Il Comitato olimpico internazionale in questa decisione su Tokio 2020 è stato quasi spettatore. Subendo, quando ancora cercava di prendere tempo, la scelta annunciata dal governo giapponese e determinata dalla previsione dell’Organizzazione mondiale della Sanità. Il compito di studiare una nuova data sarà del Cio, con il primo ministro giapponese Abe che spinge per l’inizio di giugno 2021, anche a costo di complicate sovrapposizioni con gli Europei di calcio, per sfruttare il clima più mite della primavera giapponese.
Fattore determinante di questa scelta così delicata, sono stati soprattutto gli Stati Uniti. Il 13 Marzo Trump aveva già sorpreso tutti lanciandosi in un “meglio rinviare le Olimpiadi di un anno”, anticipando una corrente di pensiero che avrebbe unito il Canada del premier Trudeau e alcune federazioni internazionali. La pallonata definitiva ai Giochi 2020 l’ha data lo sport USA, dopo che nel fine settimana le federazioni di atletica, nuoto e ginnastica avevano preso una posizione nettissima a favore del rinvio, seguite da “alleati” storici del blocco anglofono come Canada e Australia. Americano infondo è il motore delle Olimpiadi, che vivono dei 4,38 miliardi di dollari versati dalla NCB per i diritti di 4 edizioni dei Giochi, Tokio compresa. Senza cui il Cio sarebbe spacciato (rappresentano il 70% del fatturato).
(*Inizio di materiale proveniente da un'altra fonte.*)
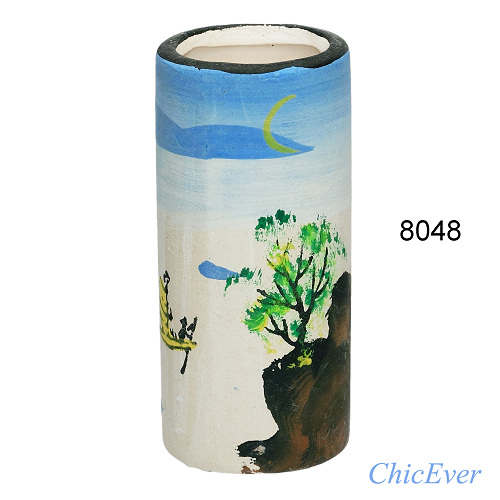 3 tlg. Mini-Dekoset, Vasen, Teller, handbemalt, 8048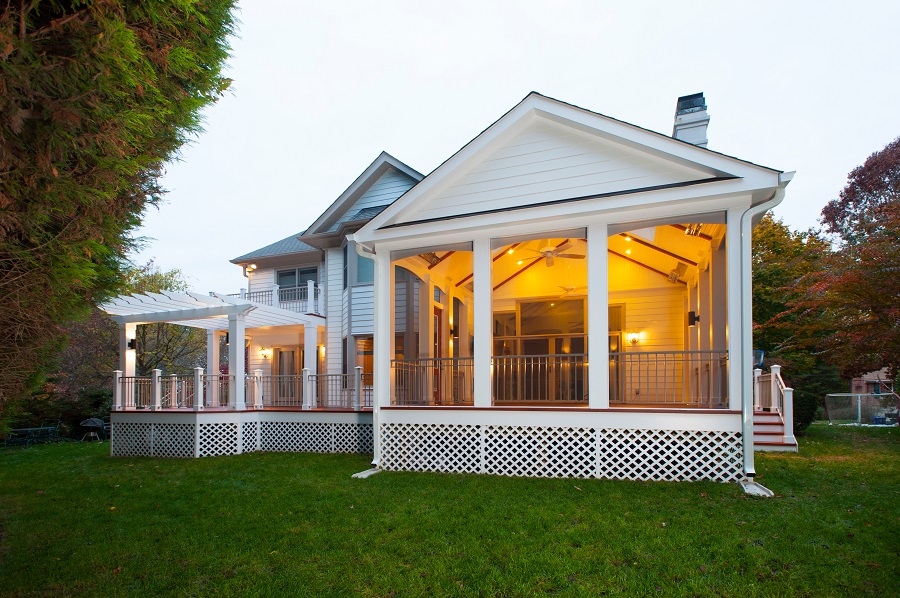 custom Zuri screened porch in Bethesda, Maryland front lights on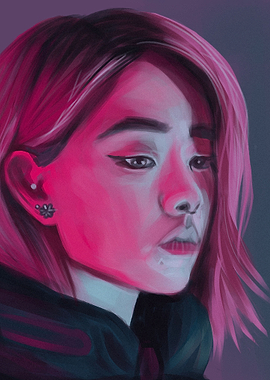 Neon Pink Female Portrait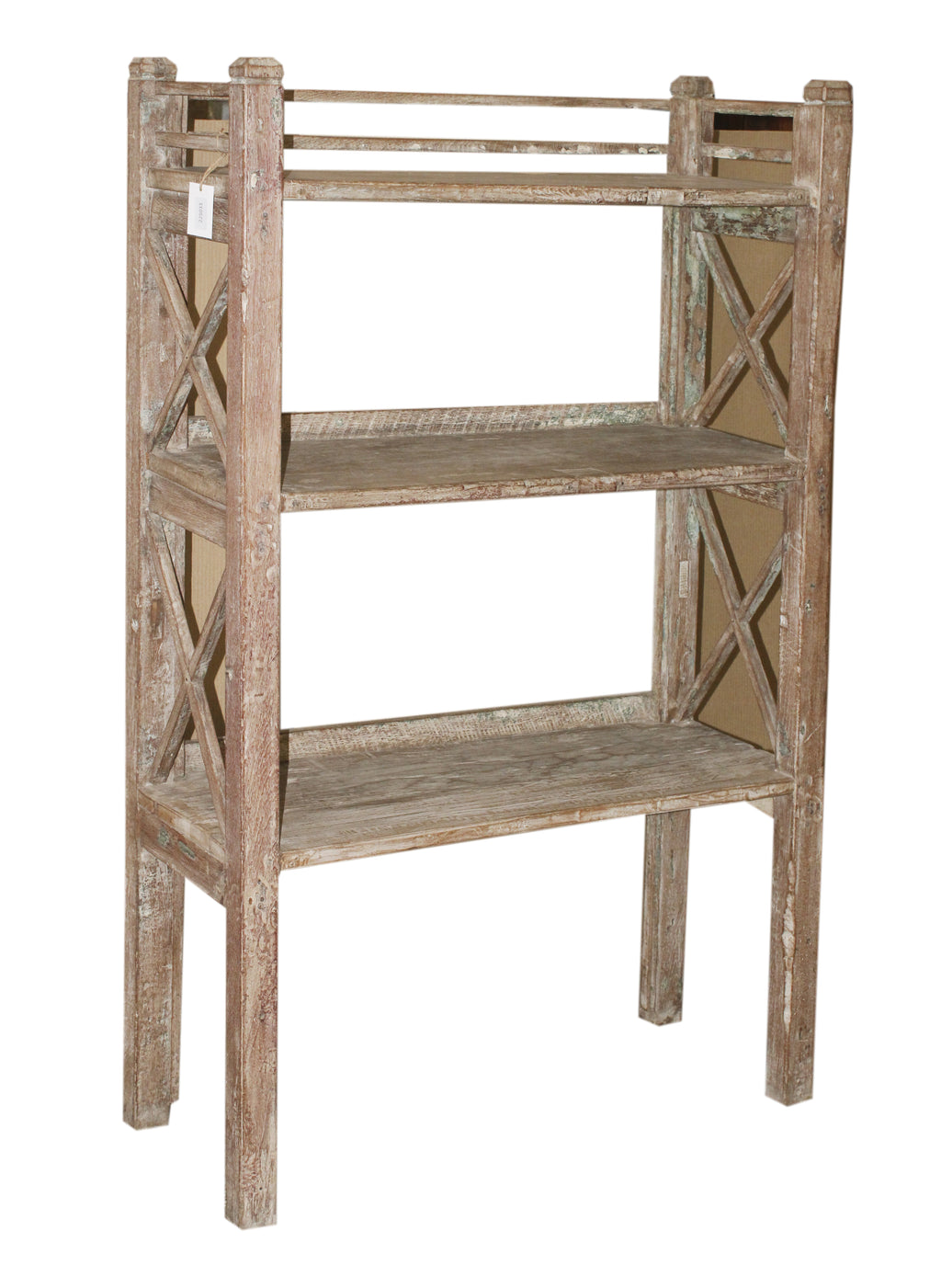 Étagère sur pied ancienne en bois patiné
Nonostante lo spostamento, l’Olimpiade continuerà a chiamarsi Tokio 2020. Una mossa per salvare il merchandising legato all’evento, visto che il rinvio costerà già qualcosa come 6 miliardi di dollari, secondo uno studio dell’università di Osaka. Con il nome, resteranno validi anche i biglietti già venduti, di cui un‘alta percentuale ai residenti in Giappone.
Decisione che si preannuncia pesante soprattutto per i “veterani” che si sono sacrificati nella preparazione, che vedono un altro anno di lavoro come un Everest da scalare per fisico e mente provati da lunghe stagioni al vertice. Un esempio può essere quello della nostra Federica Pellegrini, che ha già detto di essere rammaricata dal rinvio e dalla situazione in generale. Si aggiungono a lei la stella della scherma Elisa Di Francisca, e Vincenzo Nibali che rischia di saltare il suo ultimo assalto all’oro nel ciclismo su strada. L’assenza più pesante potrebbe essere quella di sua maestà Roger Federer, ancora all’inseguimento dell’oro nel singolare.